Todo esto ocurre a los palestinos que viven en la más abominable indefensión porque no han tenido siquiera la posibilidad de constituirse en Estado, o de tener un ejército que dé respuesta a su similar israelí.
Cosa distinta ocurre en Cuba. Ahí sí hay un Estado que, con sus limitaciones, ha hecho frente a la embestida estadounidense durante más de sesenta años, y hay también un pueblo acostumbrado a la resistencia.
Por ello en Cuba la estrategia no se centra en el lanzamiento de misiles, el bombardeo, o la invasión militar que ya alguna vez se intentó ahí, y que recientemente vimos con lamentable eficiencia en Venezuela.
No buscan matar a Cuba de una bala, sino por asfixia, y para ello buscan destruir las condiciones de vida de su pueblo. Lo han intentado siempre, durante más de medio siglo Cuba ha padecido un bloqueo económico porque Estados Unidos sanciona a los barcos que atracan en la isla, y a los bancos de cualquier país que hagan transacciones con ella, produciendo serias dificultades para que los cubanos accedan a insumos comunes en cualquier otro país.
Hay quien piensa que esto es atribuible a la Revolución Cubana, pero nuevamente el cinismo estilo Trump desnuda la mentira histórica y renuncia a las coartadas.
“Cuba está a punto de caer” decía orgulloso el presidente estadounidense que se propone asfixiar a la isla, entre otras medidas con la amenaza de imponer 20 por ciento de aranceles a los bienes procedentes de cualquier país que les venda petróleo.
Esto ha provocado que Cuba ya no pueda abastecer de combustible a los aviones de las aerolíneas comerciales al menos durante ciertos días, apagones de hasta 20 horas porque no hay crudo para las centrales termoeléctricas, parálisis del transporte público y de aquellos que distribuyen alimentos, y por supuesto la desincentivación del turismo.
Estamos ante un genocidio en curso y en nuestra cara. No se trata ya de la -para algunos- distante Palestina, sino de lo que ocurre con un vecino, con un país en el que se tiene una cercanía geográfica, histórica y cultural.
Como es la constante con Donald Trump, no hay siquiera un intento de hacer pasar estas sanciones como medidas justas por un pretexto cualquiera.
No se habla de lucha contra el terrorismo, aunque Trump reingresó a Cuba a la lista de países colaboradore con éste (cuando Biden ya la había retirado). Tampoco se habla de una lucha contra las drogas, lo que sería irrisorio por los férreos controles que tiene el régimen cubano en ese tema.

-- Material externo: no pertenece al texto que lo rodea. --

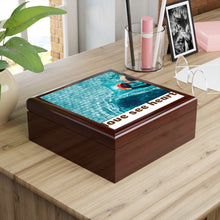 Charger l&#39;image dans la galerie, Jewelry Box
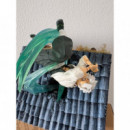 Diorama Sanemi Shinazugawa Kimetsu No Yaiba Guardianes de la noche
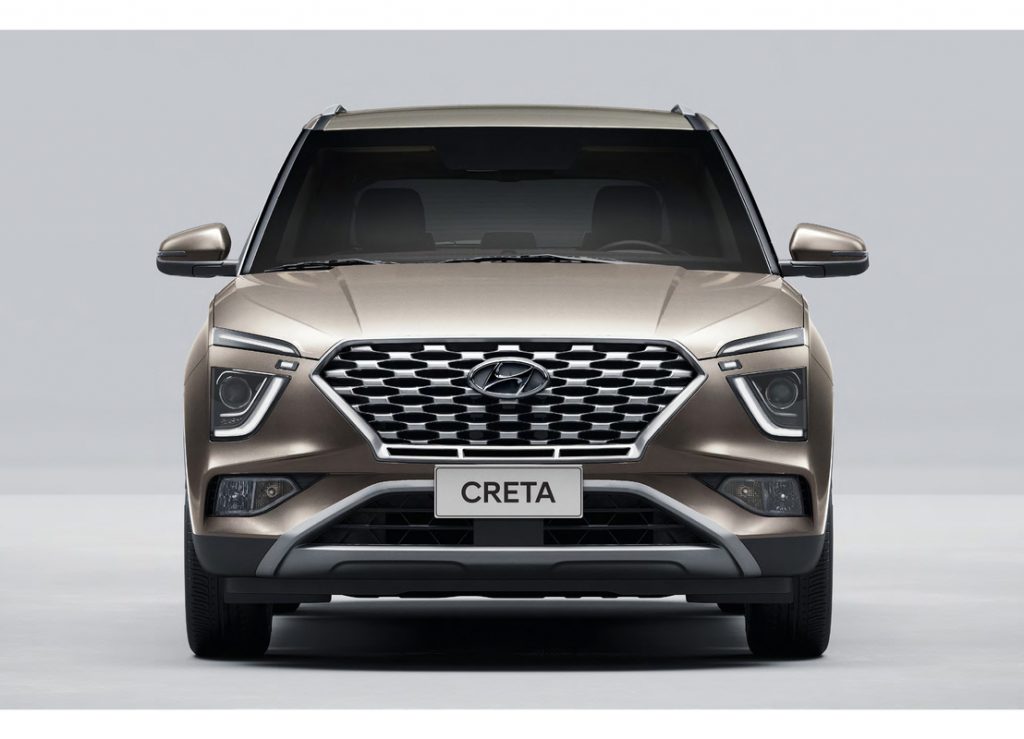 Hyundai Creta Limited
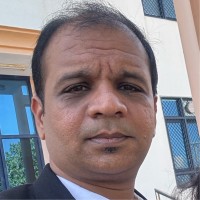 Union Copper Rod Employee Suraj Sharma's profile photo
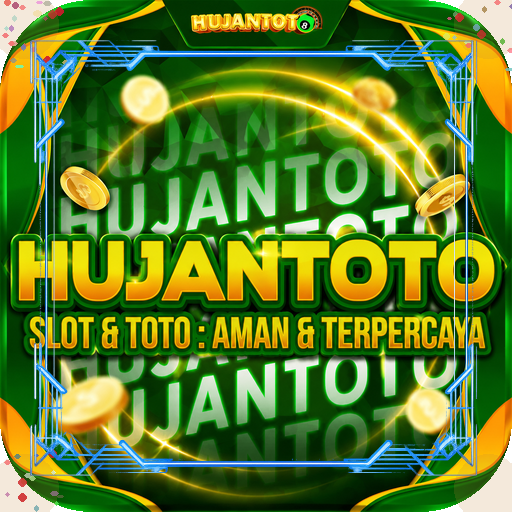 hujantoto — mitra unggulan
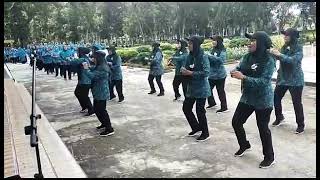Download lagu juara 1 lomba yel yel jambore pkk tingkat kabupaten konawe# Meluhu mp3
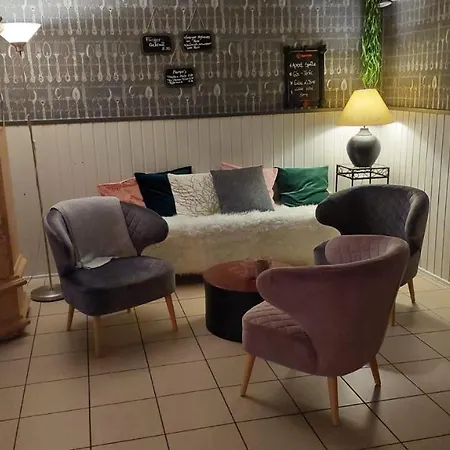 Ferienwohnung Fuchsbau Jueterbog Extérieur photo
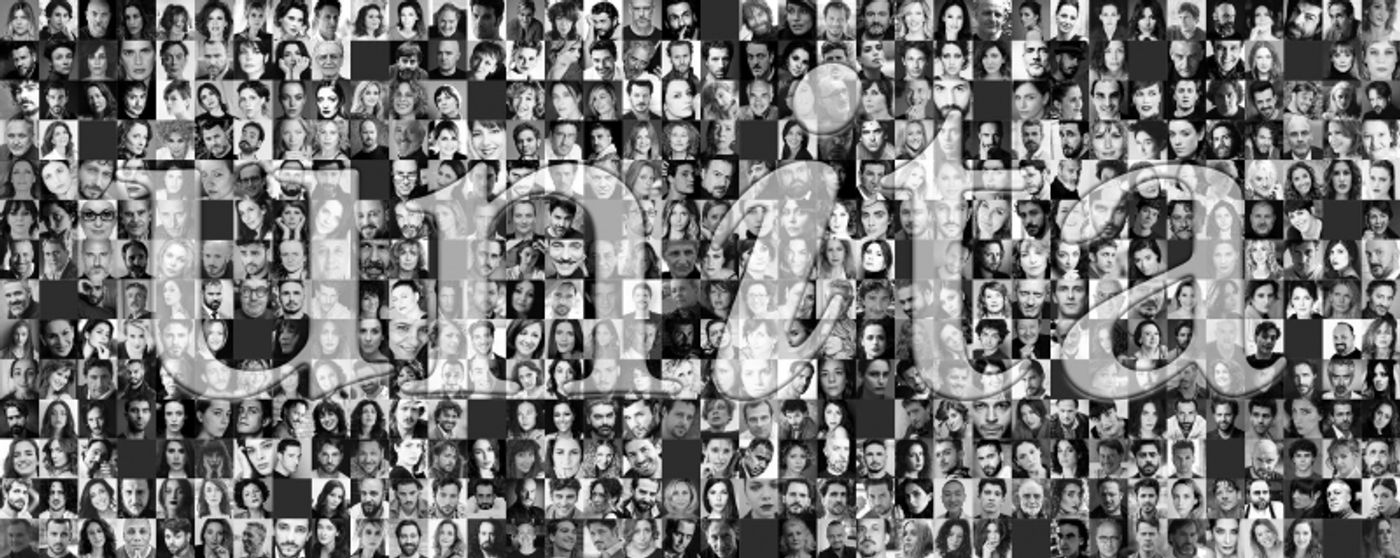 FACCIAMO LUCE SUL TEATRO! - l'iniziativa di U.n.i.t.a. e i teatri aperti il 22 febbraio 2021  Image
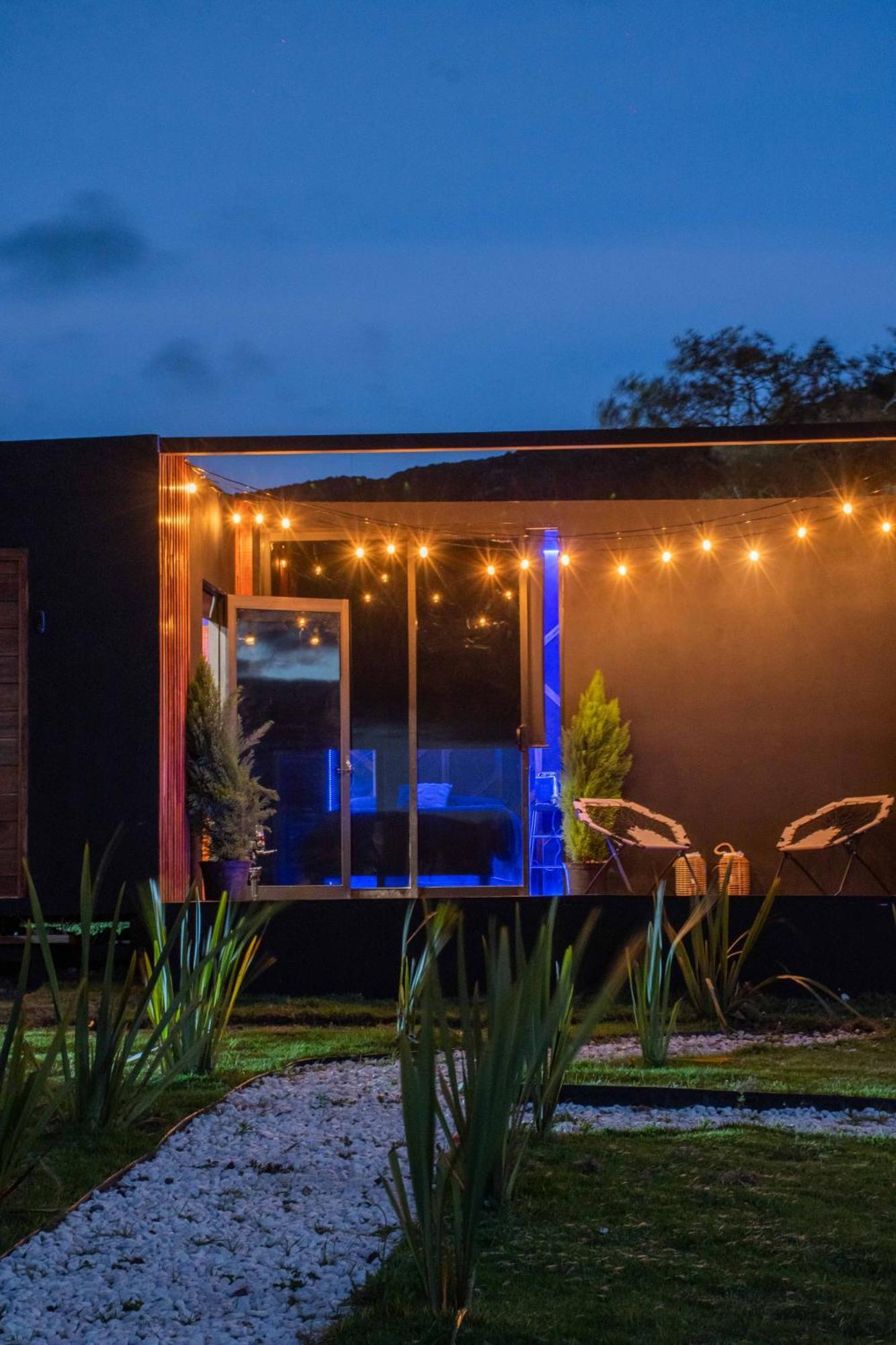 K Naj Community Villa San Miguel de Allende Exterior photo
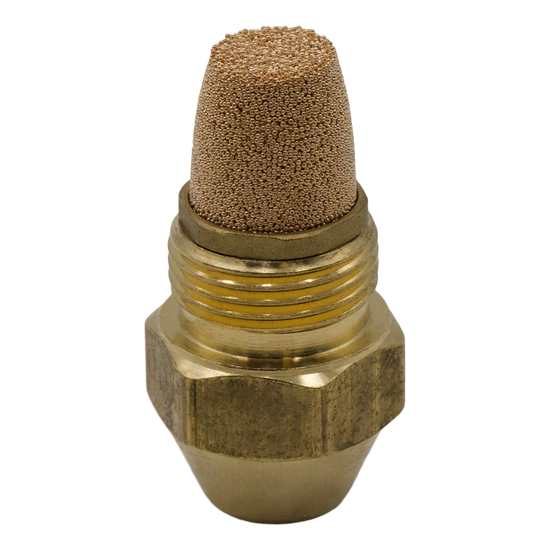 Red Hollow Cone Nozzle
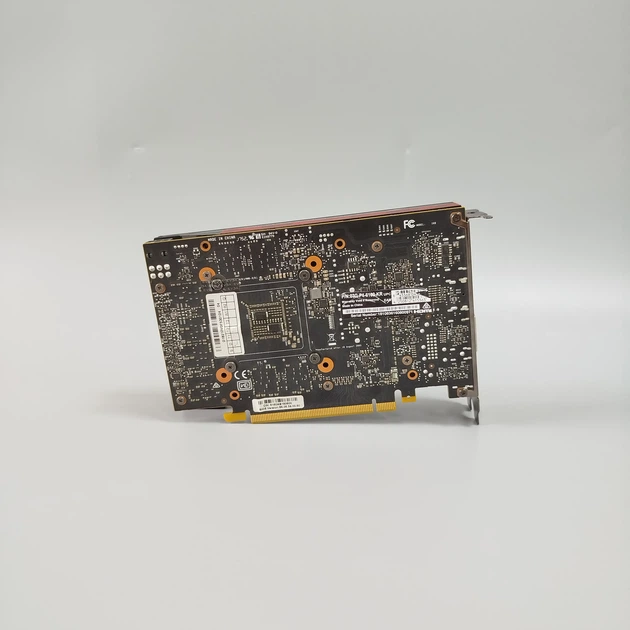 Відеокарта EVGA GTX 1060 GAMING (3GB/GDDR5/192bit) 03G-P4-6160-KR БВ - Б/В - зображення 2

A diferencia de lo ocurrido en Venezuela, no parece haber tampoco ambición por las reservas petroleras, por hacerse de tierras raras o acaparar el litio para los próximos años.
Se trata pues de dar un ejemplo, de producir shock, y ante eso, el único camino es no dar el gusto de la desesperanza y resistir.
Se piense lo que se piense del gobierno cubano, la solidaridad es obligada por dos razones más allá de cualquier opinión política: la primera es porque el castigo no lo vive un régimen sino un pueblo; la segunda es porque nadie puede estar a salvo cuando el genocidio tiene permiso.